I plead silently, hoping my puppy dog eyes will help out my case, but Flynn just shakes his head with a smile.
“Go Clara. We’ll be ok. I promise.”
“If you say so.” I grumble. “See you in the morning.”
“Drive safe.” He says, stepping out onto the porch. The sun is just starting to dip below the trees, and yet the heat hasn’t let up any.
“I will. Call me if you need anything. I mean it, Flynn.”
“Yes ma’am.” he smiles, dipping his head.
The drive back home is quiet. Over the past few days, I’ve grown accustomed to having someone constantly moving and talking around me, and I’m not so certain that the solitude that I found so freeing just a few short days ago is what I crave anymore. What I crave now is a sweet-smelling baby that makes faces in her sleep and has the longest eyelashes and fuzzy blonde hair. What I crave is a man who stands silently beside me and looks at his daughter and me with such a tender fascination it makes my heart melt and thighs clench. What I crave now is a family- one of my own.

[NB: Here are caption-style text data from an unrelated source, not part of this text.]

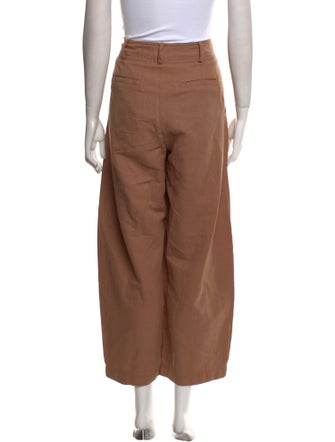 Apiece Apart Linen Wide Leg Pants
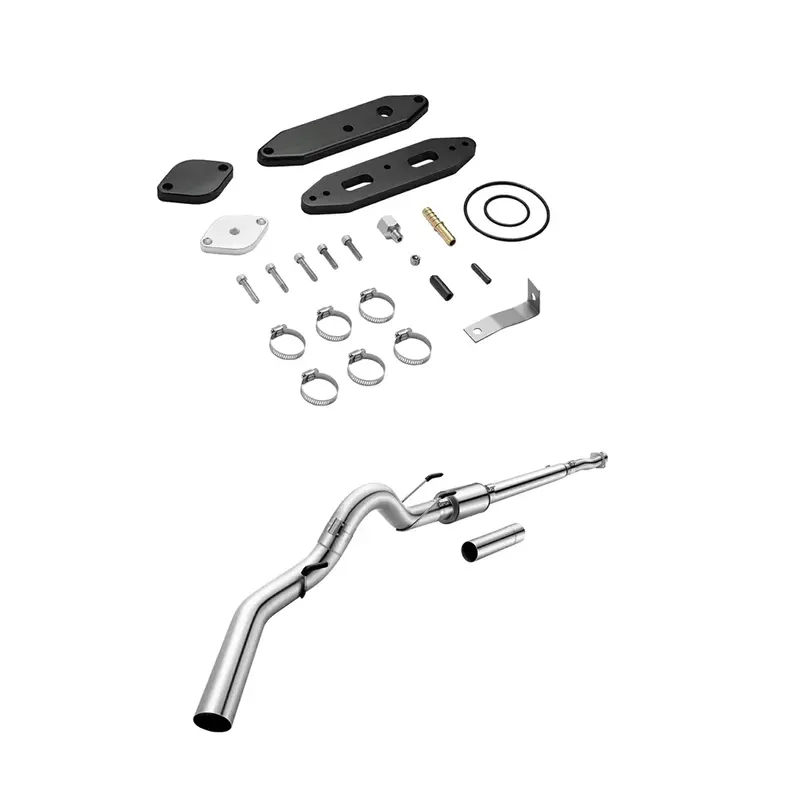 Dpf/Egr/Ccv Delete For 2020-2024 Ford 6.7L Powerstroke All-In-One Kit |Spelab 6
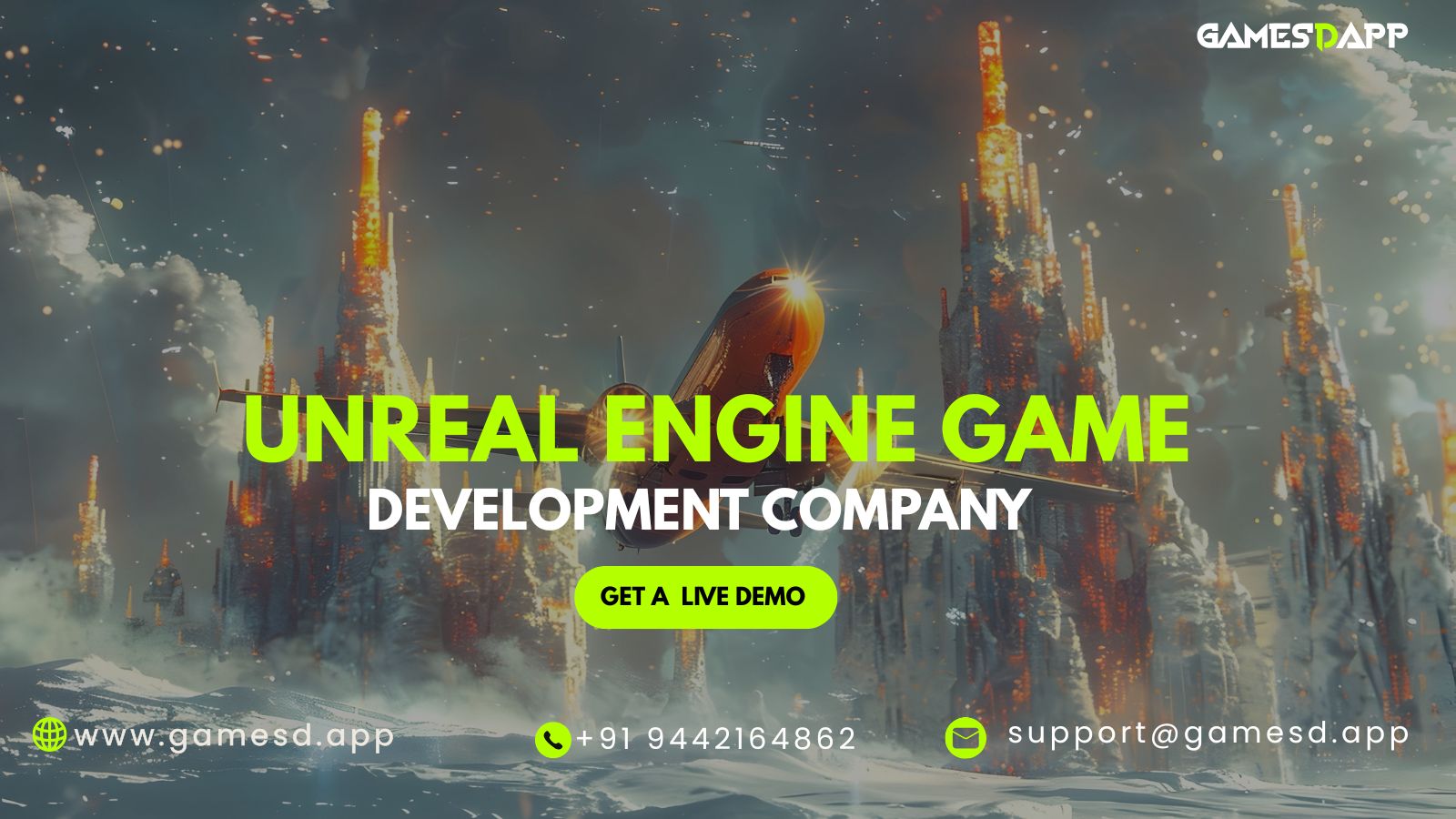 Unreal Engine Game Development vs Unity: Which Is Best for Your First Game?
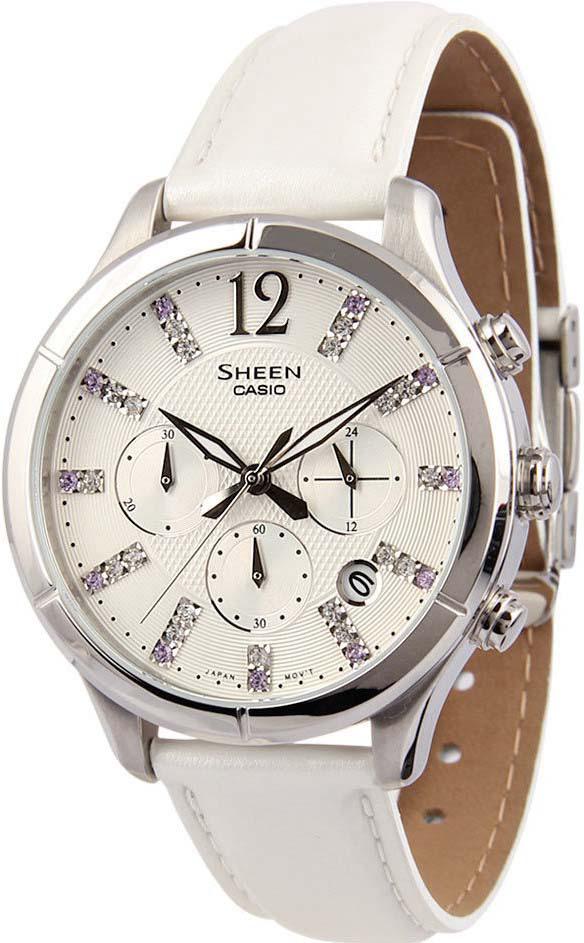Casio SHE-5020L-7A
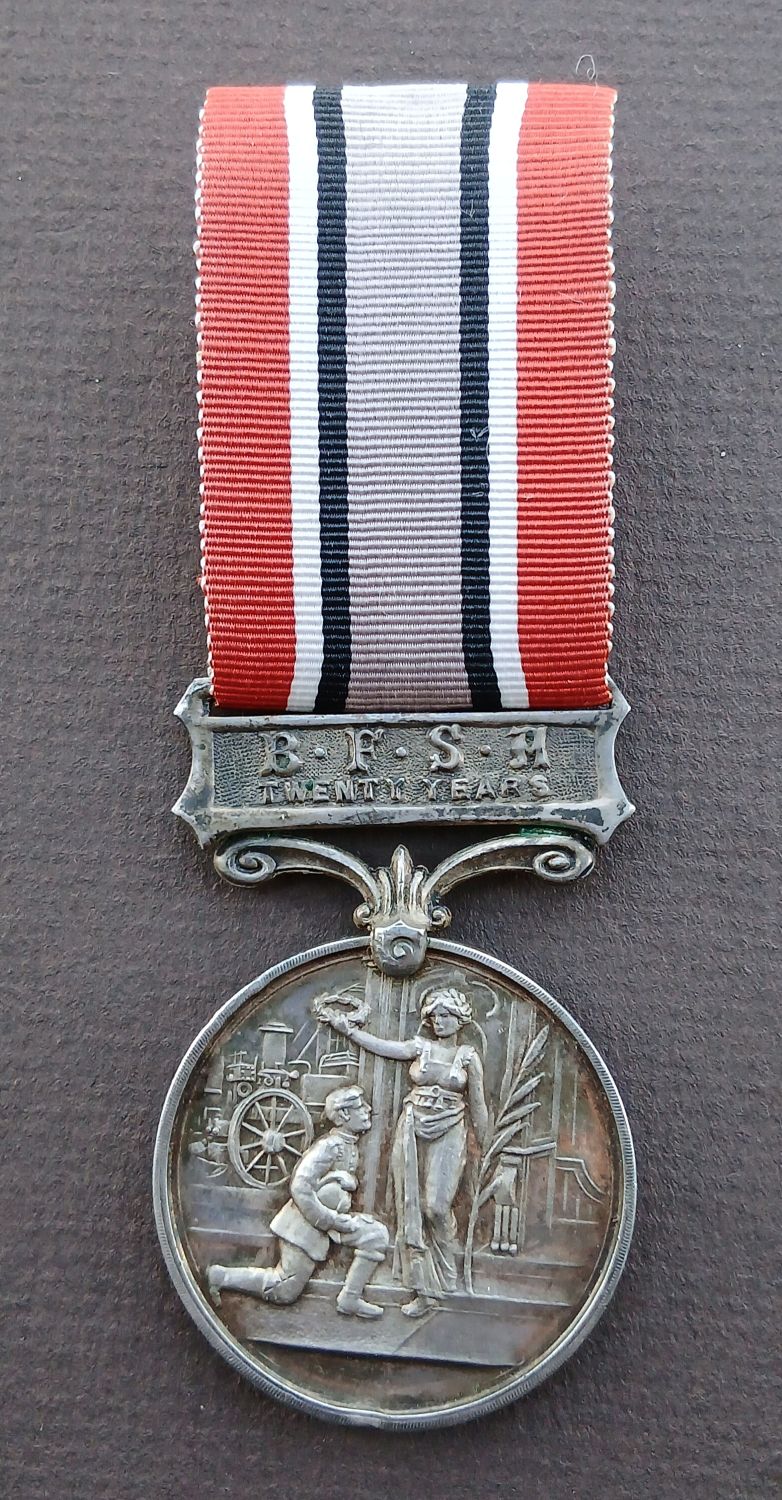 BFSA 20 yr Med - Bryant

I pull into my driveway and after extracting my tired body from the car, I make my way into the house
. I flip the light switch and an envelope on the island catches my eye. A cold sense of unease rolls through me I reach into my bag and grip the pepper spray I keep. I walk around and check all the windows and doors to make sure they are all secure before checking under beds and in closets. What I think I’m going to do if there is someone in here, I don’t know because I’ve honestly never been in a fight in my life, let alone thrown a punch. I go back downstairs, a little more confident knowing my house is empty and pick up the envelope. I should go to the police… but I can’t. If I do all of my dirty laundry will be aired, and it would ruin everything as soon as the first reporter descended upon Stockbridge.
With trembling fingers, I tear the seal on the envelope and pull out the contents. Inside there are a few pictures of me. One of me running, one of me at the hospital on the day Emma was born, and another of me sitting on the front porch. I pick up the slip of paper that had fluttered to the ground when I pulled out the photos.

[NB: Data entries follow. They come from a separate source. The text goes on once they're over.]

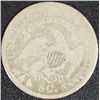 Image 2 : 1837  Capped Bust Half Dime   G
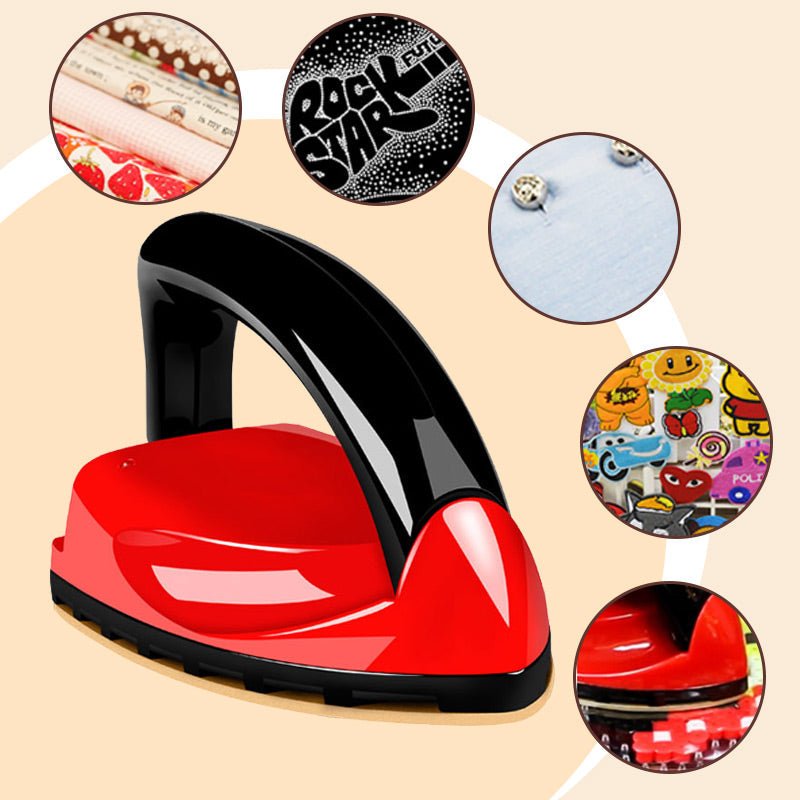 Pico Mini Iron | Lightweight, Multi-Functional Travel Iron - Hartwella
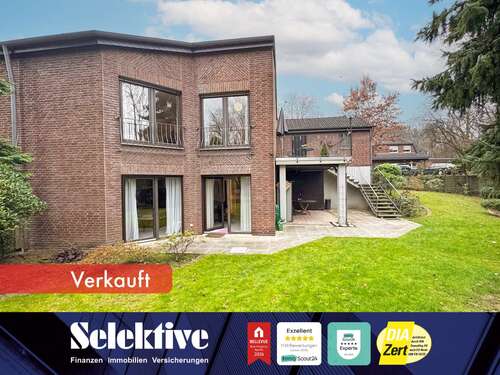 Foto - Haus zum Kaufen in Duisburg 398.000,00 € 113.96 m²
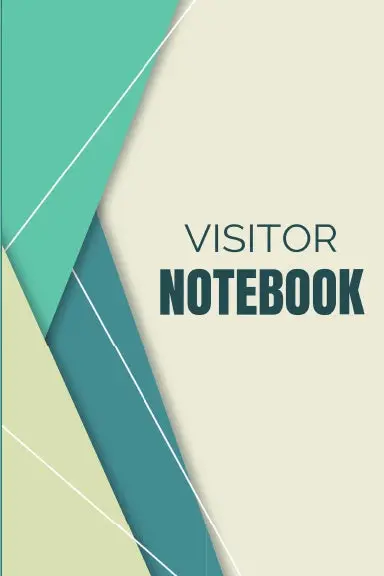 Visitor Notebook 1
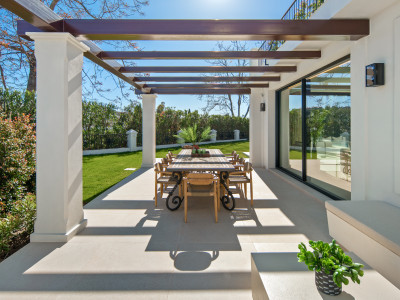 Villa à vendre à Nueva Andalucia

“Did you think I wouldn’t find you, Elizabeth? There’s not a place you can go that I won’t find you. Oh, the things I’ll do to you.”
It’s happening again. I know it is. He’s back. They’re the same creepy notes that I received five years ago, just as In Lights was taking off. I only had one encounter with the man who wrote them. Although brief, it’s be forever committed to memory. I thought I was going to die in that parking lot. Thank god, my brother was meeting me that night. If he hadn’t pulled in when he did, I don’t know what my fate would have been.
How he found me, I don’t know. I haven’t received a note or a photo in over five years. After the parking lot encounter, it all came to a sudden stop and I finally let myself believe it was over… that he’d moved on from his obsession. But now it’s happening again, but this time he’s inside my house and I don’t have security systems or a team of body guards that follow me nearly everywhere I go.